Industry analysts said consumers might be pulling back on spending because of tighter credit conditions and more expensive vehicle loans. “Higher interest rates and uncertainty around fiscal policies will slow economic growth, and may become headwinds for auto sales,” said Charlie Chesbrough, an economist for the research firm Cox Automotive.
The impact on employment is uneven, however, reflecting the evolving tastes of American car buyers.
With low gas prices motivating buyers to trade in traditional cars for larger models, factories making trucks and sport utility vehicles are humming, with some producing around the clock on three shifts. Even as overall vehicle sales declined in June, sales of trucks and S.U.V.s rose about 4 percent from a year earlier.
That consumer trend is playing out in the opposite direction at plants building small and midsize cars, which are scaling back or shutting down entirely while they are converted to produce trucks and S.U.V.s.
What none of the automakers are doing is building new plants or adding a significant number of new jobs anytime soon.
“The industry has dramatically expanded employment in the United States in the last several years, but the growth is just not there anymore,” said Harley Shaiken, a labor professor at the University of California, Berkeley.
And companies are increasingly looking to build their less profitable car models outside the United States. Ford Motor, for example, said in June that it would move production of its Focus sedan to China from Michigan.
The company had previously planned to move the car to a new plant in Mexico, but canceled the project after meeting stiff opposition from Mr. Trump.
Ford’s China move will not cost any American jobs, because Focus production in Michigan will be replaced by trucks and S.U.V.s.
But the decision could inflame trade tensions. And if falling sales over all in the United States continue to cut employment in American plants, it could spur protectionist measures by the Trump administration, like imposing border taxes on imported vehicles.
Scaling back jobs in car plants is part of a newfound discipline among automakers to avoid bloated payrolls and inventories when sales start slipping.
That is a big change from pre-recession times, when the domestic automakers were too often awash in overproduction, or saddled with union contracts that funneled idled workers into so-called job banks with nearly full pay and benefits.
That program was eliminated in subsequent labor pacts with the United Automobile Workers. Moreover, the Detroit companies have also hired large numbers of lower-wage, entry-level employees with less costly unemployment benefits.
Those moves have made it easier for the companies to scale back production based on changes in the market.
G.M., for example, has reduced the number of shifts at several of its domestic plants, the most recent reduction being its announcement of cutbacks at a factory in Kansas that makes the Chevrolet Malibu midsize sedan — a segment that is rapidly declining as more buyers gravitate to S.U.V.s.

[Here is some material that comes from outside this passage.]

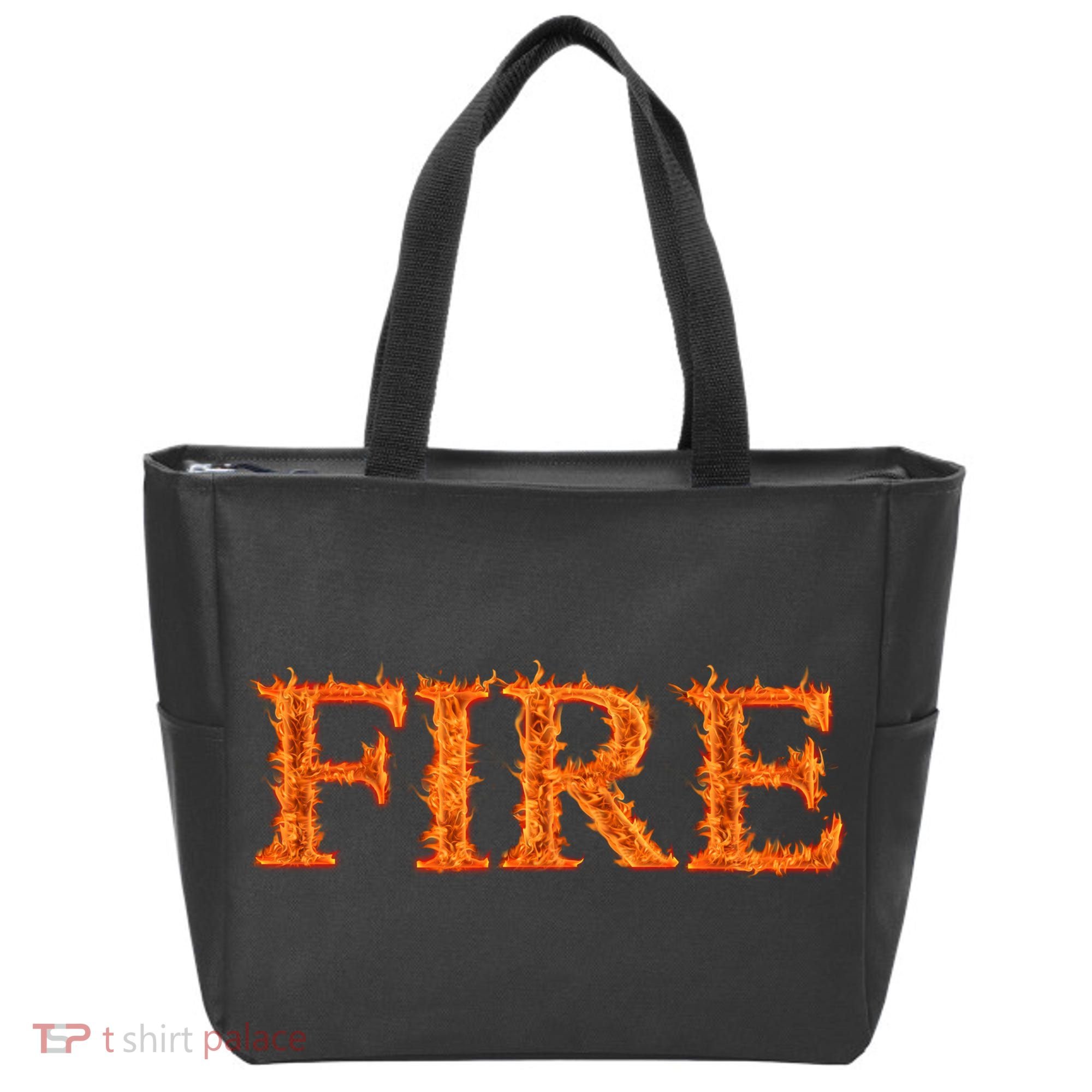 Fire Flame Tote Bag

“These decisions are always tough,” said Alan Batey, the president of G.M.’s North American operations. “But at the end of the day we have to be disciplined about our production plans.”
Fiat Chrysler, for its part, has eliminated production of compact and midsize cars altogether at factories in Michigan and Illinois, temporarily laying off workers as it retools the plants to produce S.U.V.s and trucks.

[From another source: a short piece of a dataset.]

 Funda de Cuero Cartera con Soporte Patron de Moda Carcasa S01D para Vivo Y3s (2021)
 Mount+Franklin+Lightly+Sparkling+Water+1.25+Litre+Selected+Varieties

About 4,200 employees at the company’s factory in Belvidere, Ill., recently returned to work after being temporarily laid off several months ago, and will begin producing a new S.U.V. model at the plant later this month.
The bright spots in the overall employment picture are the expansion of production at niche automakers like the electric-car company Tesla, and by foreign car companies including BMW, which is adding jobs at its sole United States plant, in South Carolina.
And automakers are hopeful that sales of larger vehicles will get even stronger in the remaining six months of this year, as has been the case in previous years. “Seasonal factors drive a much higher retail mix of trucks and utilities in the second half of the year, so it makes sense to make production adjustments on the car side,” said James Cain, a spokesman for General Motors.
But few in the industry expect any major job growth anytime soon. G.M., for example, recently scaled back its projections for industry sales in the second half of this year, and analysts are predicting that annual sales will fall below 17 million vehicles next year for the first time since 2014.
“We are beginning to enter a period we call the post-peak,” said Jonathan Smoke, chief economist for Cox Automotive, which operates the auto-research sites Kelley Blue Book and Autotrader.
One factory that thrived after G.M.’s bankruptcy in 2009 was its small-car plant in Orion Township, Mich., north of Detroit.
The company invested more than $500 million to refurbish the factory and begin producing subcompact cars. Last year it added production of its new battery-powered Chevrolet Bolt.
But demand for small, ultra-fuel-efficient cars has waned drastically with lower fuel prices. Despite its modern production technology, the Orion plant is down to one shift of workers, with little hope of expanding production soon.
Workers at the plant were heartened this year when G.M. added a small operation to convert Bolts into autonomous vehicles for testing purposes.
While it hardly added any new jobs, the autonomous-vehicle project was a welcome addition to a plant operating at well below capacity. “It’s great to be a part of a product launch — even if it is a small one,” said Lindsi Green, one of a handful of employees working on the self-driving prototypes.